§ WHAT NEEDS TO BE DONE:
A faithful copy of the entries, without any pictures, is what is needed here.

§ RECORDS TO PROCESS:

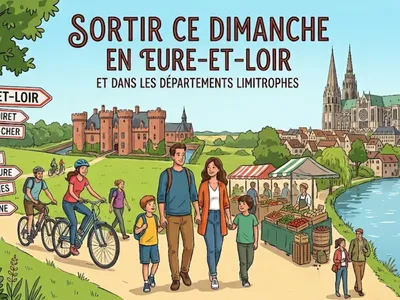 Que faire ce dimanche 4 octobre en Eure-et-Loir et aux alentours ?...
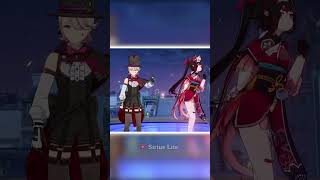 Honkai amp Genshin Impact funny moment clicks 2 shorts genshin honkai honkaistarrail [upl. by Pogue127]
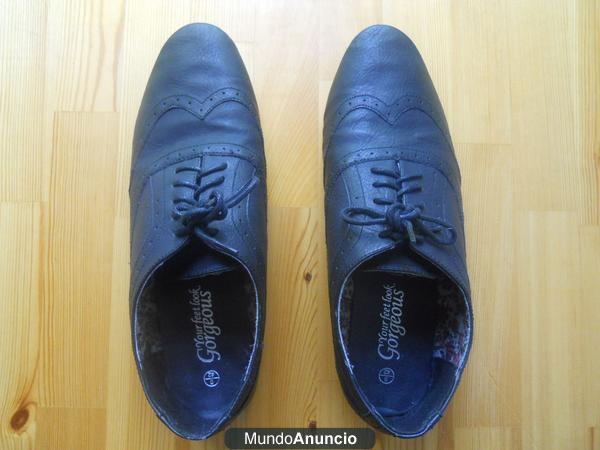 Zapatos vintage de segunda mano casi sin usar a muy buen precio !
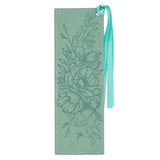 Walk by Faith Not by Sight Faux Leather Bookmark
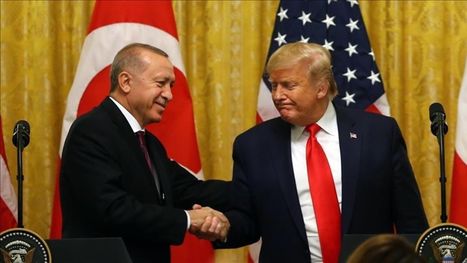 أردوغان يهاتف ترامب ويحذر من تخريب مسعى السلام مع إيران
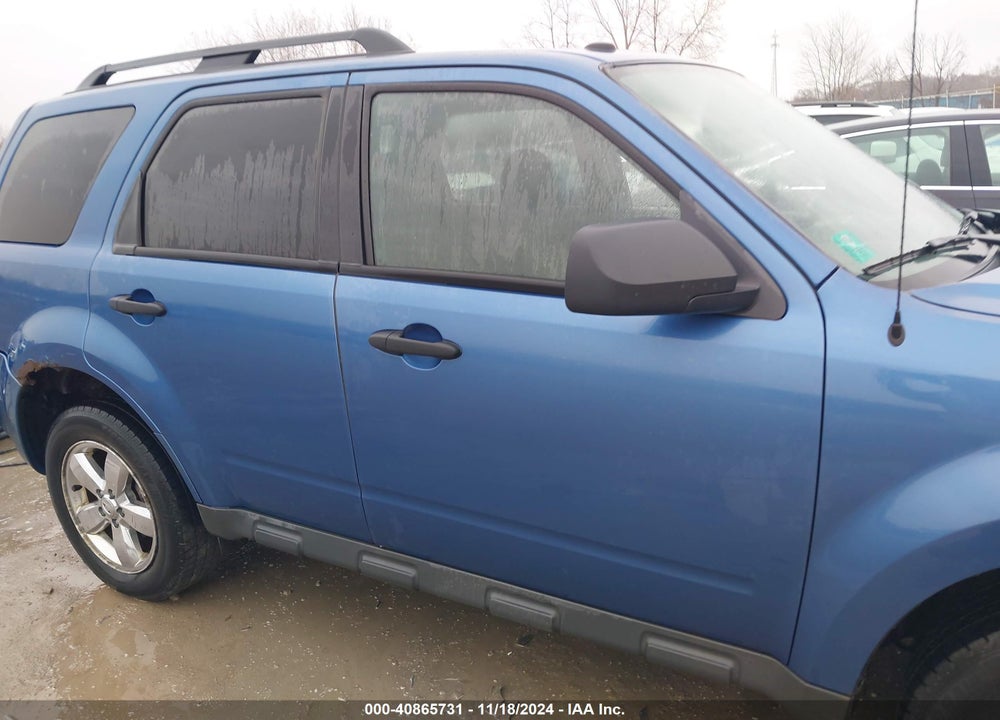 2010 FORD ESCAPE XLT VIN: 1FMCU0DG5AKB40281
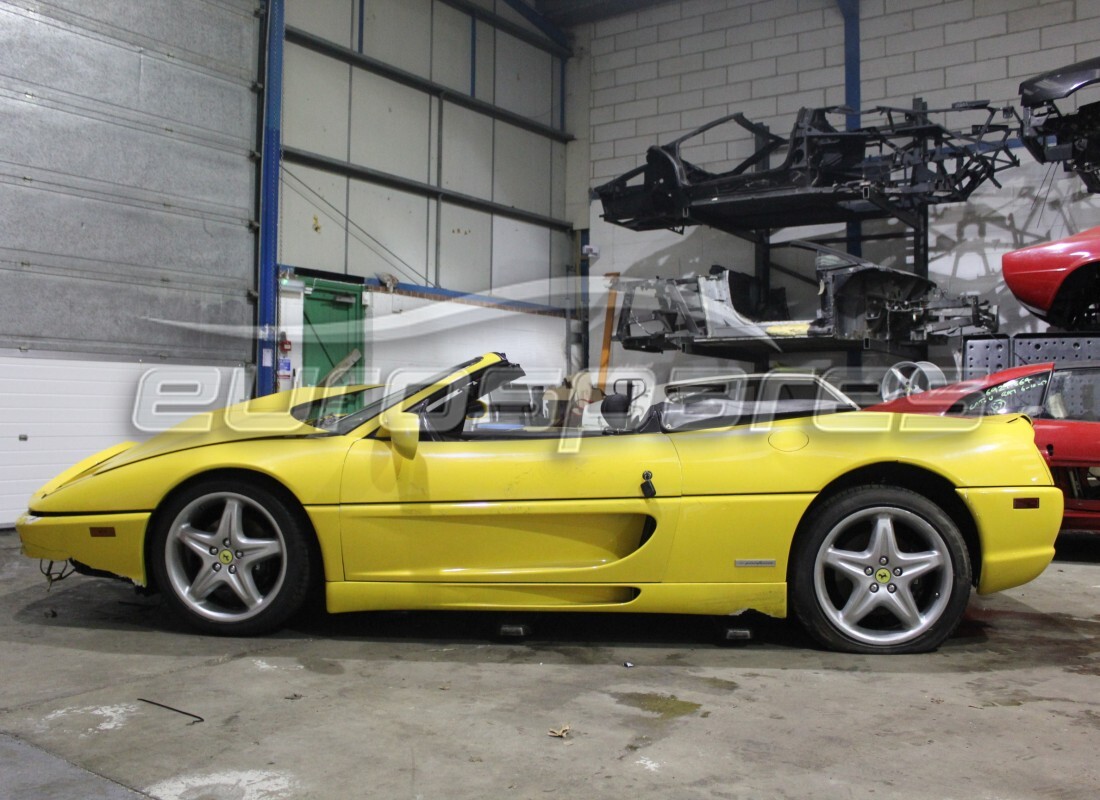 Ferrari 355 (5.2 Motronic) with 36,216 Miles, being prepared for breaking #2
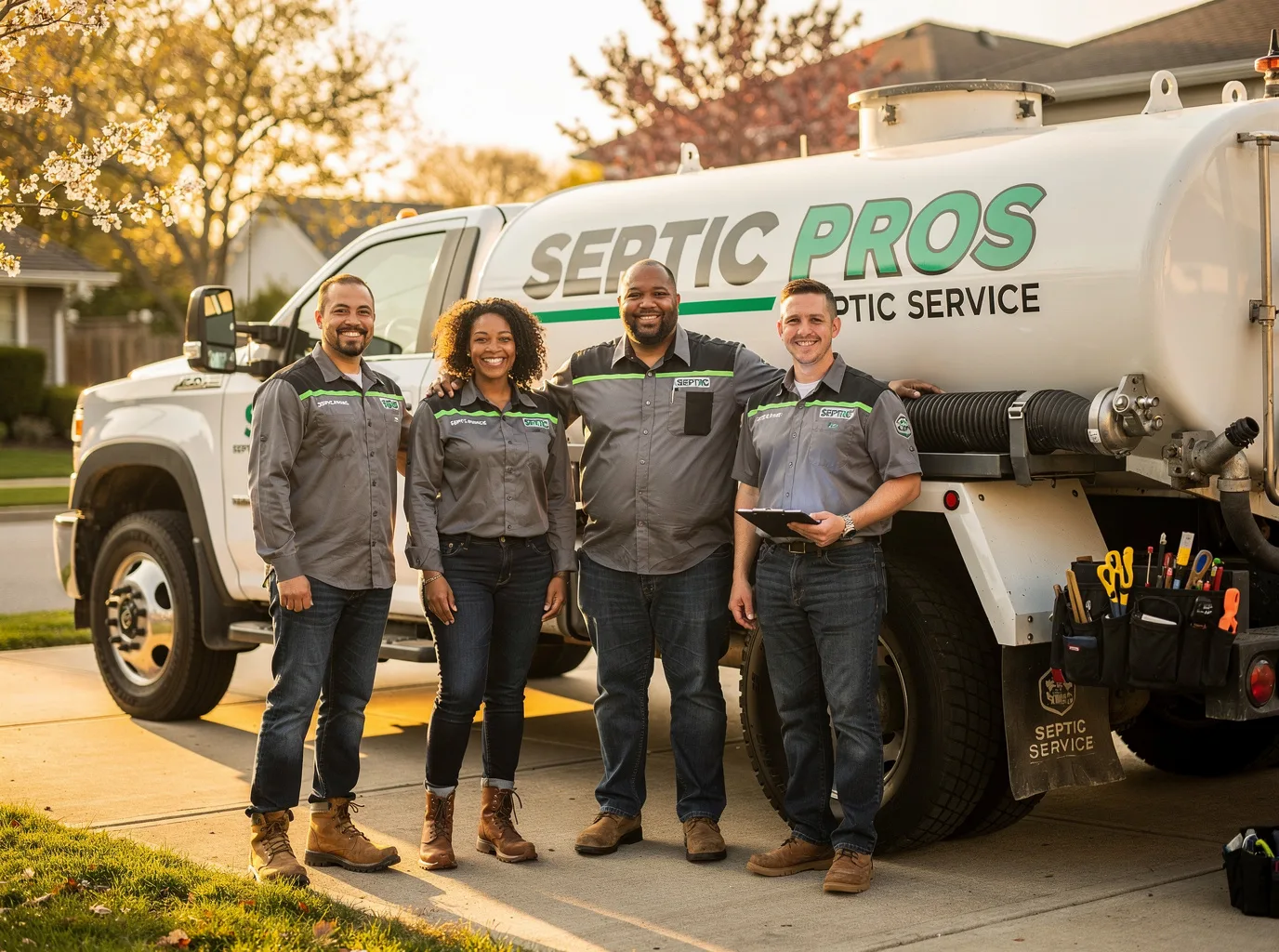 Septic Tank Pumping company in Republic, PA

§ THE ANSWER:
 Que faire ce dimanche 4 octobre en Eure-et-Loir et aux alentours ?...
 Honkai amp Genshin Impact funny moment clicks 2 shorts genshin honkai honkaistarrail [upl. by Pogue127]
 Zapatos vintage de segunda mano casi sin usar a muy buen precio !
 Walk by Faith Not by Sight Faux Leather Bookmark
 أردوغان يهاتف ترامب ويحذر من تخريب مسعى السلام مع إيران
 2010 FORD ESCAPE XLT VIN: 1FMCU0DG5AKB40281
 Ferrari 355 (5.2 Motronic) with 36,216 Miles, being prepared for breaking #2
 Septic Tank Pumping company in Republic, PA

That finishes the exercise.